# My Cichlid Caves



## Takemefishing (Feb 17, 2009)

Hello All,
I am new to this forum(as of yesterday)  I found the forum while searching for "make your own cichlid caves) I was redirected to this forum and a thread by bface1212. He made an amazing flagstone background project. The project itself was way to complicated for little me, but he did inspire me. I purchased some flagstone garden edging from the home*depot and got to work drilling some pretty deep wholes(caves)  My fish just adore them and i already have 2 that claimed them as their homes. The rock is very easy to drill into. I used a small masonary bit. It took me 2 whole days,and alot of arm strength(which i don't really have), so my arms are hurting today, but it was worth it  Here are some pictures. The one in the far back(left) actually is a double piece that connected. There is a cave on the side that's not viewable in the pic. They are not connected in the inside, so they are seperate condo's :lol: Hope you like it!

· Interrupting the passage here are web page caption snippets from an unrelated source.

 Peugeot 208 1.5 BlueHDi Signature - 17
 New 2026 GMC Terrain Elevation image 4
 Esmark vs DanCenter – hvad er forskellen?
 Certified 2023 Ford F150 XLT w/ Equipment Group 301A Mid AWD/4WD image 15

This is a picture of the double cave in my tank. Again, the side entrance is covered by that plant(that the fish seem to love to nibble on)

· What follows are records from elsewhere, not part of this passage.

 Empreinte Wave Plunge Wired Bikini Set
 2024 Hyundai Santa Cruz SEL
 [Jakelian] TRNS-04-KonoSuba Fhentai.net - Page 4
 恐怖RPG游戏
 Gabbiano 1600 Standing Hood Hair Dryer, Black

This is one that my convict claimed rather quickly.


----------



## natalie559 (Dec 6, 2007)

Neat idea, thanks for sharing!! And welcome to the forum!


----------



## Takemefishing (Feb 17, 2009)

Thank you Natalie, It was alot of fun! And thank you for the welcome


----------



## madmax666 (Sep 11, 2008)

i like your subtrait!!! They are nice and large but not bad large!!! These look awsome!!! that happened to me while adding some caves in to my tank. My fish swated my hand away from the new cave and took it right from me before i was even finished...i have some driftwood in there now that i hope the fish will use. Also the fry will love some of the moss too i bet. Welcome!! :fish:


----------



## Takemefishing (Feb 17, 2009)

Thanks Max  It's funny, When i first got the tank I spent alot of $ getting it to my liking (as we all do). So I figured i would save a bit, and use the gravel I already had. It was very light colored (browns and tans). I did the whole tank, And i hated it  The tank is right by my PC, everytime i looked at it i was upset at myself for settling. Needless to say, I took all the fish out and changed it to the grey you see. I tend to gravitate more in the direction of dark colors. I am very free spirited, but even my furniture is all black, I just don't get it :wink:

Here is a better look at the gravel in the tank. I also have drift wood (although most is hidden) sorry for the glare, I tried.


----------



## exasperatus2002 (Jul 5, 2003)

nice idea!!


----------



## Coln (Dec 17, 2007)

Pretty cool caves, share ideas is the way :thumb:


----------



## KaiserSousay (Nov 2, 2008)

Sweet, what a nice surprise :thumb: 
I was about to skip over your post, thinking it was yet another substrat encrusted hunk of PVC.


> These look awsome


+1 on that


----------